Fortunately, he let this rule slide as the game progressed.
At halftime, an old man sat to my left started chatting to me.
I received a poke in my side for my trouble (not from the OAP).
“Don’t talk to that pensioner,” DS1 told me.
“Well, he started talking to me,” I said. “And it is rude not to answer.”
“You can’t talk to him,” he pleaded, distraught.
I then engaged in some rapid head tennis, attempting to respond to my over-chatty neighbour while also engaging with the anxiety monster on my other side.
Thankfully the second-half started before things could degenerate. Even more thankfully Chelsea scored early on. We leapt to our feet in celebration and DS1 started punching me in the stomach.
While it was good to see him show some emotion – often (although he is animated during the match, asking questions and discussing the whys and wherefores of the game), when we score he is somewhat muted; the noise of everyone else overwhelming him.
I secretly hoped we wouldn’t score a hatful so I didn’t have to endure too much of his new found celebration technique. Luckily we only scored one more, so my stomach only took one more beating.
Opposites don’t attract
After the game, surprisingly, he was keen to meet up with our friends, and was disappointed that we didn’t go to a restaurant/pub after. The others had to shoot off.
“That’s why we were trying to meet before the game,” I said.
He smiled, ruefully. Maybe next time.
He had clearly grown in confidence as the day wore on – the more crowded tube on the way back proved no issue at all. The overground did, however.
Boarding the train, there were no seats to be had. It was packed. But we huddled in a corner without any issues.
A couple of stops later some seats became available, but he baulked at sitting down.
“They’re opposites,” he cringed.
Ah, he wanted to wait for seats where we could sit next to each other. Fair enough.
At the next stop, two adjacent seats became available and I grabbed them. He still appeared jittery.
“They’re opposites,” he murmured, anxiously.
“No, we’re next to each other,” I replied, somewhat confused.
“No, there are opposites,” he repeated.
Ah, the penny dropped.
We were in a four – two double seats opposite each other, as opposed to a secluded two.
He sat nervously, turned towards me, so he didn’t make eye contact with anyone sitting opposite; refusing to eat his sausage roll with someone watching him.
Eventually, a secluded double seat came free and we jumped into it.
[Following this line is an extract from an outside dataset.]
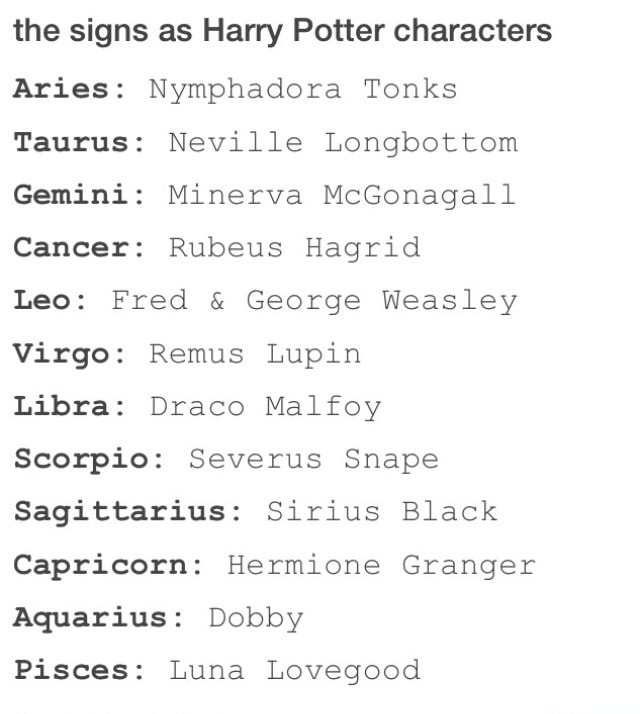 the-signs-as-harry-potter-characters-aries-nymphadora-tonks-taurus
Relief flowed through him; sausage roll eating resumed.
As we walked home from the station, he announced: “We didn’t get Premier League badges on my shirt.”
“No, you said you didn’t want then,” I replied.
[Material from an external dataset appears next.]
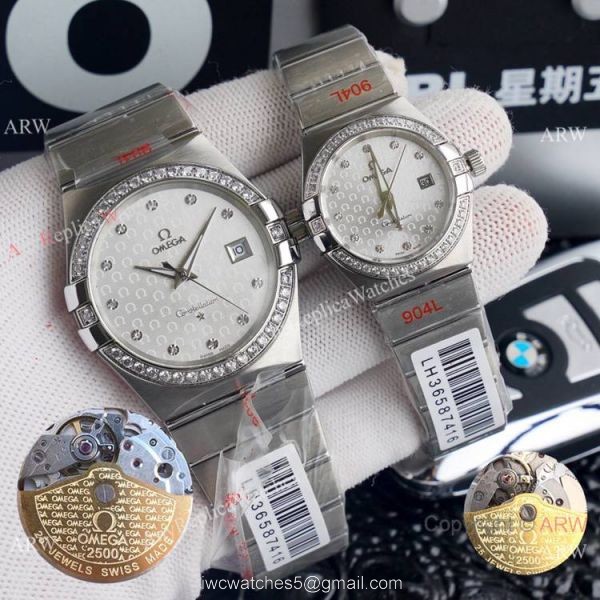 Copy Omega Constellation Logo Face Automatic Watch Omega Couple Watch Copy Omega Constellation Logo Face Automatic Watch Omega Couple Watch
“I did!” he screeched, slapping me for my trouble.
“No, I asked you if you wanted badges, and you said ‘no’.”
“I didn’t. I said ‘yes’” he insisted.
Give me strength.
“It’s OK,” I said. “We obviously had a miscommunication, but I can take the shirt with me next time I go and, if you want to spend your pocket money on getting badges, I can get them put on.”
This seemed to appease him.
Solution reached. Crisis averted (again). Win-win. Or so I thought.
When we got home, he proudly showed his mum the new shirt – and the printing on the back.
“But Dad didn’t get the Premier League badges,” he complained.
I explained what had happened to the wife. This was like a red rag to a bull.
“I didn’t say ‘no’. I said ‘yes’.”
“OK, yes, but we have come up with a solution haven’t we?”
“I’m not wearing it until you get the badges put on,” he screeched, aggressively.
I’d had enough. “You ungrateful little sh… I haven’t even had a thank you for taking you to the football, let alone buying you the shirt,” I screamed.
He took flight up the stairs in tears.
I took flight downstairs, steam coming out of my ears.
While the fact I reduced him to tears may sound harsh, it means he gets it. There was no resistance, no hitting.
With hindsight, and the wiseness of the wife, it was obvious that this wasn’t really about the badges. It was more the fact that he had held himself together all day, dealt with some tricky situations and now he was letting off steam.
As I came back upstairs he was waiting for me.
“Sorry,” he said, before giving me a huge hug.
The boy is growing up. I should follow his example.